▶ Task objective: Write out, word for word, every line in the data below from the one containing "KBS가 지상파 독점" to the one containing "Wooden Fish Wall", both of them included.

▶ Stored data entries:
================================

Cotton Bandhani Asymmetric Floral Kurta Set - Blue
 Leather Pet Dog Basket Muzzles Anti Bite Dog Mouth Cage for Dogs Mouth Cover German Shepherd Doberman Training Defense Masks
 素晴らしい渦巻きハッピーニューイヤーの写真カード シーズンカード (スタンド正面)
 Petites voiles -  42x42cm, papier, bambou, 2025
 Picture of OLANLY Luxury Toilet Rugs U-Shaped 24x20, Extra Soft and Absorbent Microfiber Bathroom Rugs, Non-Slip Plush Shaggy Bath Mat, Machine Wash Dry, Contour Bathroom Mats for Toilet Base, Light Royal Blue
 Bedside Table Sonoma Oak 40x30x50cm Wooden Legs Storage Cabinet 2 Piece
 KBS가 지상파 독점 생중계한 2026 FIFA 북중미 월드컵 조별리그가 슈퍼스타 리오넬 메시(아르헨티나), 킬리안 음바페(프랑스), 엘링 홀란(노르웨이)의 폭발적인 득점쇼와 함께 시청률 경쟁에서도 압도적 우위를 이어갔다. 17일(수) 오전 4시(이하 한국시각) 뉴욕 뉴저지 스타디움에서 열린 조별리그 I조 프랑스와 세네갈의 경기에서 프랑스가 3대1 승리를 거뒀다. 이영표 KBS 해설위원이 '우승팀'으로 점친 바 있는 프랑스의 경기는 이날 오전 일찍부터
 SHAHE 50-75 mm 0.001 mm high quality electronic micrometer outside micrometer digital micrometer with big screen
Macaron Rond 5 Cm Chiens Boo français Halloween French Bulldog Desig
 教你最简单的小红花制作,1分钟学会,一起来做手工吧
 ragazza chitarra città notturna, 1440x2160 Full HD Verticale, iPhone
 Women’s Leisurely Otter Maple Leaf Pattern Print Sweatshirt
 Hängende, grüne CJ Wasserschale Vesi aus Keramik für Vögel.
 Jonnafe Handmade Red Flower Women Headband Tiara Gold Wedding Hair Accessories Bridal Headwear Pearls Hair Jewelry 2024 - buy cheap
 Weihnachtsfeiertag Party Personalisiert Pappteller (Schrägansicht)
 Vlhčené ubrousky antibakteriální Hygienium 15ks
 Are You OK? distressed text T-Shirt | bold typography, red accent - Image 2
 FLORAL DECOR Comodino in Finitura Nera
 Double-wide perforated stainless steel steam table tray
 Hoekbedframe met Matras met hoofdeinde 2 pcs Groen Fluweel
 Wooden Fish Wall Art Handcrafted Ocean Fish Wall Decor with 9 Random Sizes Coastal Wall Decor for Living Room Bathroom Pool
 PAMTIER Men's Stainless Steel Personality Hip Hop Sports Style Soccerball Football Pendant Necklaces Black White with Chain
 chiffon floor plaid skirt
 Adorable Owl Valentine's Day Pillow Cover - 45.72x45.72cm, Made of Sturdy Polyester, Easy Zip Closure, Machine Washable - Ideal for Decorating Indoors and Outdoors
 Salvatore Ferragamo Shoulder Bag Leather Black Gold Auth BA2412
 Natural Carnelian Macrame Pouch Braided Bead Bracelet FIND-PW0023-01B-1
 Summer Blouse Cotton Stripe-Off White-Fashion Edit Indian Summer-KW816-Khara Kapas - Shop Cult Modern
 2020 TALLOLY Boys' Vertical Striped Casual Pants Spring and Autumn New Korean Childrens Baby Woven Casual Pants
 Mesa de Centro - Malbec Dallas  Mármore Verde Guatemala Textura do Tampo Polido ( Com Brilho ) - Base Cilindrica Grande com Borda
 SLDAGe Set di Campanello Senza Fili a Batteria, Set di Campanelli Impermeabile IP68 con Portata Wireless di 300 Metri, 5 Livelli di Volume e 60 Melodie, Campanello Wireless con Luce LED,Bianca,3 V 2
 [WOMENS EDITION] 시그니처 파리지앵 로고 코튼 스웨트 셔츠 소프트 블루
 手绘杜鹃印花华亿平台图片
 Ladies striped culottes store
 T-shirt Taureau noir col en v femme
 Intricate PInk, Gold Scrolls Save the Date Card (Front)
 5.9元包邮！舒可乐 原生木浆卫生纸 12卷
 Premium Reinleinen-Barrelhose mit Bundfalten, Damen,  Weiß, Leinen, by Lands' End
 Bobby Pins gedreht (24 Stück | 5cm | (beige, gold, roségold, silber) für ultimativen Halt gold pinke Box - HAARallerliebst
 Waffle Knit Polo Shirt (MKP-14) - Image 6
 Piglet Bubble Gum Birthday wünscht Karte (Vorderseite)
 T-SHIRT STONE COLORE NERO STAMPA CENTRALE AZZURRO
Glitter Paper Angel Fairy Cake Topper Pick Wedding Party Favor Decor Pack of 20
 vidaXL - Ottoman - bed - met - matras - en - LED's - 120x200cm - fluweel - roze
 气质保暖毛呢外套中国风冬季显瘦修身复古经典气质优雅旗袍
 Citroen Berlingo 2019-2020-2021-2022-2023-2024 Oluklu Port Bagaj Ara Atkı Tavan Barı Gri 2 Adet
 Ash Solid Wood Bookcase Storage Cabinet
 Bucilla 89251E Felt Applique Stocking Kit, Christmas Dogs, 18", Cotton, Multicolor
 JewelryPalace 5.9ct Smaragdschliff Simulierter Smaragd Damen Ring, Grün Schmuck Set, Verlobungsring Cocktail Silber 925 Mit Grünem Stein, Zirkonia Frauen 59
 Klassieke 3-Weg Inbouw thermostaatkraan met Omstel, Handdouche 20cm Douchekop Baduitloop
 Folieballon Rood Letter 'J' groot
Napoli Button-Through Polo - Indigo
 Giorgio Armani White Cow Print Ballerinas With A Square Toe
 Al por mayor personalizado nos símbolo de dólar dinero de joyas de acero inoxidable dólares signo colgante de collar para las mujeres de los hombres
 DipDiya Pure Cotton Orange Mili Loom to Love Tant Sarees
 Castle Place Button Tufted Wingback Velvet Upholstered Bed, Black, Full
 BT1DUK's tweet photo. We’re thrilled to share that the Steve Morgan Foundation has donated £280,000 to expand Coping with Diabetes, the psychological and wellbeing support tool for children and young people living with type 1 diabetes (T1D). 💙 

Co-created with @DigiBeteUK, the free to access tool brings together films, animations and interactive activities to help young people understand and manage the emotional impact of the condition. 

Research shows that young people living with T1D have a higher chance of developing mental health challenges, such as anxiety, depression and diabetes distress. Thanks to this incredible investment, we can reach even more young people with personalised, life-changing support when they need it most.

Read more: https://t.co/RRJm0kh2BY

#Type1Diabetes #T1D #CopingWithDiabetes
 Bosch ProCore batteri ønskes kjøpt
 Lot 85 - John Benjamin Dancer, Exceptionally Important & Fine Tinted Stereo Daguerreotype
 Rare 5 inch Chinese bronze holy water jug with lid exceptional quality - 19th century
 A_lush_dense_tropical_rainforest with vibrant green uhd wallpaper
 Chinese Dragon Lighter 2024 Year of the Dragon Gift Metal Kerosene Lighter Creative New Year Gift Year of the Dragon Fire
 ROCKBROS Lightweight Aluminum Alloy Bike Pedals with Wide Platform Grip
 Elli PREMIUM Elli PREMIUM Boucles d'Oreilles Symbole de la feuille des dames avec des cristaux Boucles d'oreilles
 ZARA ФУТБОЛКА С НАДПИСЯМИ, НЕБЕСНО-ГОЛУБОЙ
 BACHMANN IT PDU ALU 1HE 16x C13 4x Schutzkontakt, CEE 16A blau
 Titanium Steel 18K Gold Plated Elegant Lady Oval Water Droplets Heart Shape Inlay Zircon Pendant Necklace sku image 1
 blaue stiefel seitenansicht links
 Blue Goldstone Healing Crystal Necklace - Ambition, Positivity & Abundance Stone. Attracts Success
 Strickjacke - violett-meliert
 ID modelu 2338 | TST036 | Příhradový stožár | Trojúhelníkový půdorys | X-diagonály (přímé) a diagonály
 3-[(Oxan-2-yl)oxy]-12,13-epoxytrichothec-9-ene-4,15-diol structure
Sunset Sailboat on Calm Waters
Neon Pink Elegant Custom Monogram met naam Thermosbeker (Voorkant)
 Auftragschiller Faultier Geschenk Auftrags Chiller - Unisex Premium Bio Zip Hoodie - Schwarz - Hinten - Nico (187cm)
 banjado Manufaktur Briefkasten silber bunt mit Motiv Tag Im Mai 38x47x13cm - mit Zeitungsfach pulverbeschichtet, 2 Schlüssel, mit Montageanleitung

================================

▶ Exercise result:
 KBS가 지상파 독점 생중계한 2026 FIFA 북중미 월드컵 조별리그가 슈퍼스타 리오넬 메시(아르헨티나), 킬리안 음바페(프랑스), 엘링 홀란(노르웨이)의 폭발적인 득점쇼와 함께 시청률 경쟁에서도 압도적 우위를 이어갔다. 17일(수) 오전 4시(이하 한국시각) 뉴욕 뉴저지 스타디움에서 열린 조별리그 I조 프랑스와 세네갈의 경기에서 프랑스가 3대1 승리를 거뒀다. 이영표 KBS 해설위원이 '우승팀'으로 점친 바 있는 프랑스의 경기는 이날 오전 일찍부터
 SHAHE 50-75 mm 0.001 mm high quality electronic micrometer outside micrometer digital micrometer with big screen
Macaron Rond 5 Cm Chiens Boo français Halloween French Bulldog Desig
 教你最简单的小红花制作,1分钟学会,一起来做手工吧
 ragazza chitarra città notturna, 1440x2160 Full HD Verticale, iPhone
 Women’s Leisurely Otter Maple Leaf Pattern Print Sweatshirt
 Hängende, grüne CJ Wasserschale Vesi aus Keramik für Vögel.
 Jonnafe Handmade Red Flower Women Headband Tiara Gold Wedding Hair Accessories Bridal Headwear Pearls Hair Jewelry 2024 - buy cheap
 Weihnachtsfeiertag Party Personalisiert Pappteller (Schrägansicht)
 Vlhčené ubrousky antibakteriální Hygienium 15ks
 Are You OK? distressed text T-Shirt | bold typography, red accent - Image 2
 FLORAL DECOR Comodino in Finitura Nera
 Double-wide perforated stainless steel steam table tray
 Hoekbedframe met Matras met hoofdeinde 2 pcs Groen Fluweel
 Wooden Fish Wall Art Handcrafted Ocean Fish Wall Decor with 9 Random Sizes Coastal Wall Decor for Living Room Bathroom Pool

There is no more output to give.